Cork University Hospital selects Vision RT as SGRT provider

15th November 2019
Signe Moller

LONDON 6 November- A full complement of Surface Guided Radiation Therapy (SGRT) equipment will be provided at the new Glandore Centre for Radiation Oncology as Vision RT and Cork University Hospital enter a long-term partnership. This agreement will see Vision RT technology fully integrated with the centre’s five new Elekta Versa HD Linear Accelerators and 2 new GE CT Scanners.

The new technology will be used to enable the introduction of a wide range of clinical applications at the Cork site such as Breathing Adapted Radiotherapy, Stereotactic Ablative Radiotherapy and Stereotactic Radiosurgery. As well as this the technology will also be used to track every patient’s position throughout the treatment delivery process, ensuring the radiation dose is delivered exactly as planned.

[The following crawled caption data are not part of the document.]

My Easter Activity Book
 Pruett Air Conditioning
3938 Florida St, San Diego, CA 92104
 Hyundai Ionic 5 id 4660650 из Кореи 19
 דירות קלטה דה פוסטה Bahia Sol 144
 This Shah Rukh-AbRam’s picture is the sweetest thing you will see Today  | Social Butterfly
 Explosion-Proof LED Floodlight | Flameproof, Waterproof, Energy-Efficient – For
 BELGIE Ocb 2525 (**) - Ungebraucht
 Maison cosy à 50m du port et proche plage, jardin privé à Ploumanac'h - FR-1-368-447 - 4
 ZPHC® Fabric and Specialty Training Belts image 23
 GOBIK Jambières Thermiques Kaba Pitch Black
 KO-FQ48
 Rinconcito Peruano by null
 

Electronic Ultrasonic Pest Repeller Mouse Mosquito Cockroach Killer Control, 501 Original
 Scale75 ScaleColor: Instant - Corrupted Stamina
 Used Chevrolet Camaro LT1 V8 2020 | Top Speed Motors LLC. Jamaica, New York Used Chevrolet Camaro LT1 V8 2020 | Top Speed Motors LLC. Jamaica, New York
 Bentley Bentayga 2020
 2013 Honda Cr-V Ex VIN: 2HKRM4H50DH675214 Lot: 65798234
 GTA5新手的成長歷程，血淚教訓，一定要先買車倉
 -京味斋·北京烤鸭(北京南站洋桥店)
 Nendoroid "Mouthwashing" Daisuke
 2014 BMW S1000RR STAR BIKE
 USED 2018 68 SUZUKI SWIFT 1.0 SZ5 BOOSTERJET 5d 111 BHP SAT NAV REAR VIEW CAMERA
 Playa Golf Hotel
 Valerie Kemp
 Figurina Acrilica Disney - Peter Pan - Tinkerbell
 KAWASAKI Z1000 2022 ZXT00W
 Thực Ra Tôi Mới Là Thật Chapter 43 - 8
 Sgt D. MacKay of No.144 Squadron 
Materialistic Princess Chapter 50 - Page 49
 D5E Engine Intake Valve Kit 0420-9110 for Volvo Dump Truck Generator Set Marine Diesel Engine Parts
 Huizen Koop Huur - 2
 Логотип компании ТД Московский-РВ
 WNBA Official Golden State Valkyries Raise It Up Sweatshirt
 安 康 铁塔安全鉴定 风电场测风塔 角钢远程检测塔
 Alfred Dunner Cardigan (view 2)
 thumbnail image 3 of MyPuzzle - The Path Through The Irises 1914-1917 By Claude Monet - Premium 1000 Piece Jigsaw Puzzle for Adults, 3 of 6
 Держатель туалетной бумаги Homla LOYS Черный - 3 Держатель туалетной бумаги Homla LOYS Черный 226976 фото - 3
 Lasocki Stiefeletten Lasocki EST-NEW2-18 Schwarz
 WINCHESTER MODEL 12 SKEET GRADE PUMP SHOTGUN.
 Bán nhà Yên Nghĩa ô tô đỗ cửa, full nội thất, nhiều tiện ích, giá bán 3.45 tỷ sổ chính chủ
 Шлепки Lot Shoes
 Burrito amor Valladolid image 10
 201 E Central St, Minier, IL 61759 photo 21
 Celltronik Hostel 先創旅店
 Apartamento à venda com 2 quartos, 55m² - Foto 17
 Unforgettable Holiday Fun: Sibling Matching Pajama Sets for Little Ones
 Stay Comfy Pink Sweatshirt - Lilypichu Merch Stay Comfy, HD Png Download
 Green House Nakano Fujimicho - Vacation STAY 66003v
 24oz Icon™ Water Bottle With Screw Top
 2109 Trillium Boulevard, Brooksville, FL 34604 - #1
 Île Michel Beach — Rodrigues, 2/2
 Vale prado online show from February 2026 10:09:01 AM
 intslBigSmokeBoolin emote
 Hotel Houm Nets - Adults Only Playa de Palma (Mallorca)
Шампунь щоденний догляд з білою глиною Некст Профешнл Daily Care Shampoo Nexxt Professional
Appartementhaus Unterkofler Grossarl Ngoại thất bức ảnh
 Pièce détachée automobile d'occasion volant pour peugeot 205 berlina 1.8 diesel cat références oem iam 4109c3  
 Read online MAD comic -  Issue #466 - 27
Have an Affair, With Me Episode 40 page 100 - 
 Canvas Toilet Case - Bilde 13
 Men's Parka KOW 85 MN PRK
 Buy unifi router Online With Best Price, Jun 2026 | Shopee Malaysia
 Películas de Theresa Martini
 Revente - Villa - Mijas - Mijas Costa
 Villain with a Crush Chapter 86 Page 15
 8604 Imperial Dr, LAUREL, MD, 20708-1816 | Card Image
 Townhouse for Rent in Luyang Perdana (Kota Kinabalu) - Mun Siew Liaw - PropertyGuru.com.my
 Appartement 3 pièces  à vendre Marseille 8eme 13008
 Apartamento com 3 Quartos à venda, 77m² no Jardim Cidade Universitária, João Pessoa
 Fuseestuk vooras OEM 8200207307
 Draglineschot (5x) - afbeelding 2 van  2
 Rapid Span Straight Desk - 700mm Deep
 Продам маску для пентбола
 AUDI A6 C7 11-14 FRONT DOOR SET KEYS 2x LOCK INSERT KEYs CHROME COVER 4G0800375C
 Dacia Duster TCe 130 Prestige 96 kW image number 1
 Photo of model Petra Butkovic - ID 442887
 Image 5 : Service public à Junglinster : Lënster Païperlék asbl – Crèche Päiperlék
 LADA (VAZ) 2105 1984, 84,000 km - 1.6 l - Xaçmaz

Cork University Hospital (HSE – Health Service Executive) will be the first Public Radiotherapy Centre in Ireland to offer the benefits of SGRT including radiotherapy treatment without the need for tattoos or marks. This allows patients to avoid these permanent reminders of their treatment which are shown to have a negative impact on body image and a long-term psychosocial effect. Published studies have also shown that Cork-based Vision RT technology facilitates higher accuracy and is more efficient than traditional setup methods.

Vision RT CEO, Norman Smith says the company is delighted to be working with Cork University Hospital. “We have been impressed with the commitment of the team at the Glandore centre to offering the best quality patient care at their new Radiotherapy facility and excited to be their chosen SGRT partner to help facilitate this,” he says. Claire Roe, Radiotherapy Service Manager commented “SGRT is a powerful and important tool in modern radiotherapy. We were particularly impressed with Vision RT’s extensive experience in delivering a wide-range of clinical benefits that SGRT technology enables and also the level of integration their technology has with our new radiotherapy equipment”.

Consultant Oncologist, Dr. Carol McGibney, Clinical Lead for Radiation Oncology at Cork University Hospital, added “It is essential that our new facility offers the full range of modern Radiotherapy services, and I am delighted that the Vision RT technology will enable us to do this. I would also like to pay tribute to all those associated with the Aid Cancer Treatment (ACT) charity who made this possible and have ensured that, when fully implemented, our patients will have local and immediate access to all Radiotherapy services”.

The SGRT project at the new facility is being funded by the Cork-based charity Aid Cancer Treatment (ACT) whose generous support will help enable Cork University Hospital to provide one of the most up-to-date, comprehensive and patient-centered Radiation Therapy services in Ireland.